**Exercise description**
Reproduce the data below in full and to the letter, images excepted.

*** Opening Dataset excerpt ***

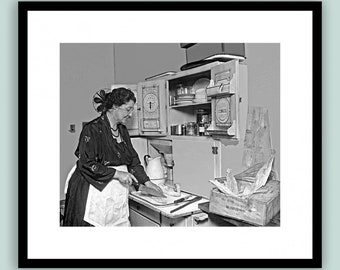 Woman in the kitchen in 1924, art print poster framed, black and white photography, framed pictures, vintage art, fine art, wall picture, kitchen picture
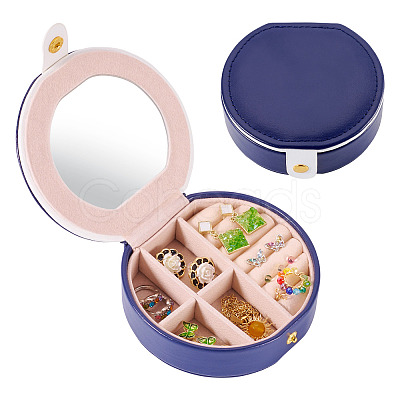 Round PU Leather & Plastic Jewelry Set Storage Box CON-TAC0014-06C-1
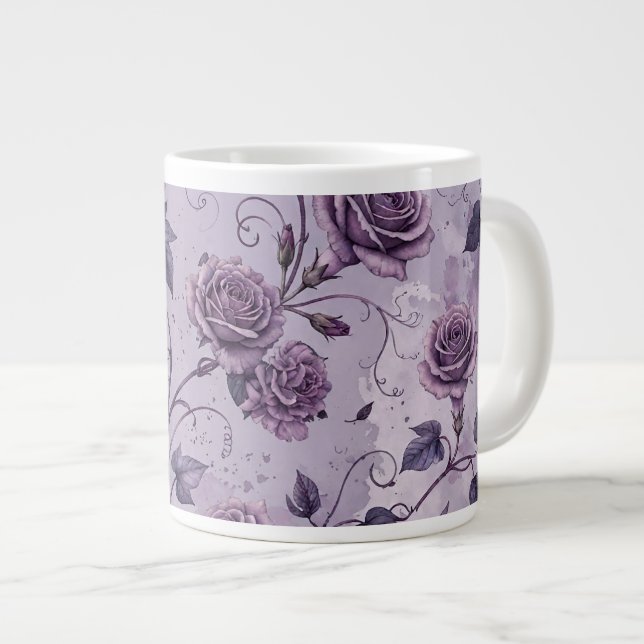 Dammlavendel Ros Drömska Nyanser Blommig  Jumbo Mugg (Framsida höger)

*** Closing Dataset excerpt ***

**Answer box**
 Woman in the kitchen in 1924, art print poster framed, black and white photography, framed pictures, vintage art, fine art, wall picture, kitchen picture
 Round PU Leather & Plastic Jewelry Set Storage Box CON-TAC0014-06C-1
 Dammlavendel Ros Drömska Nyanser Blommig  Jumbo Mugg (Framsida höger)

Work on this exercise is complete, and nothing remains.